Seit Februar befasst sich eine interdisziplinäre Arbeitsgruppe der Stadtverwaltung mit der Umgestaltung der Situation am Jägertunnel unter kriminalpräventiven Gesichtspunkten. Beteiligt sind die Fachdienste Gefahrenabwehr, Stadtplanung und Denkmalschutz, Hochbau, Klimaschutz und Stadtgrün sowie das Gleichberechtigungsreferat, die Datenschutzbeauftragte und Sozialarbeiter des St.-Martin-Hauses.
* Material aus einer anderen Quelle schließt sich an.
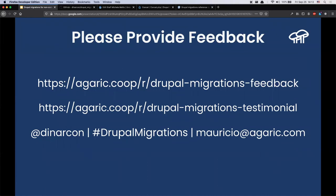Remember the trainings, the website, and the articles. Thank you for providing feedback and testimonials, and feel free to send me an email if you have follow-up questions. Thank you to the organizers for the opportunity to present, and thank you all so much for attending.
Vertragliche Vereinbarungen zur langfristigen grundlegenden Umgestaltung und Aufwertung des Tunnelumfelds gibt es zudem mit dem Investor, der an der Neuen Kasseler Straße Wohnanlagen baut. Die Umsetzung der Maßnahmen hängt wesentlich von der Fertigstellung der laufenden Baumaßnahmen in der Neuen Kasseler Straße ab.
Unabhängig davon sieht die Stadt die Notwendigkeit für kurzfristige Verbesserungen der Situation am Jägertunnel. Neben der Videoüberwachung sollen die Beleuchtung im Tunnel und auf beiden Zuwegen optimiert sowie zusätzliche und größere Spiegel angebracht werden.
Vorhandene Hecken, die als Verstecke für mögliche Täter dienen könnten, hat der Fachdienst Klimaschutz und Stadtgrün bereits entfernt und durch bodennahe Bepflanzung ersetzt. Damit der Mauervorsprung am Tunneleingang in Richtung Alte Kasseler Straße nicht als Täterversteck genutzt werden kann, soll er abgerundet und umzäunt werden.
Schließlich soll auch der bisherige Reinigungsturnus – einmal pro Woche maschinell, zwei Mal pro Woche per Hand – optimiert werden. Der Dienstleistungsbetrieb der Stadt Marburg (DBM) wird den Zustand des Tunnels künftig täglich kontrollieren und bei Bedarf kurzfristig reinigen. Der generellen Aufwertung des Jägertunnels dient auch die Überlegung, eine begrenzte Fläche mit Graffiti von Kindern und Jugendlichen des Waldtals oder aus anderen Stadtteilen zu gestalten.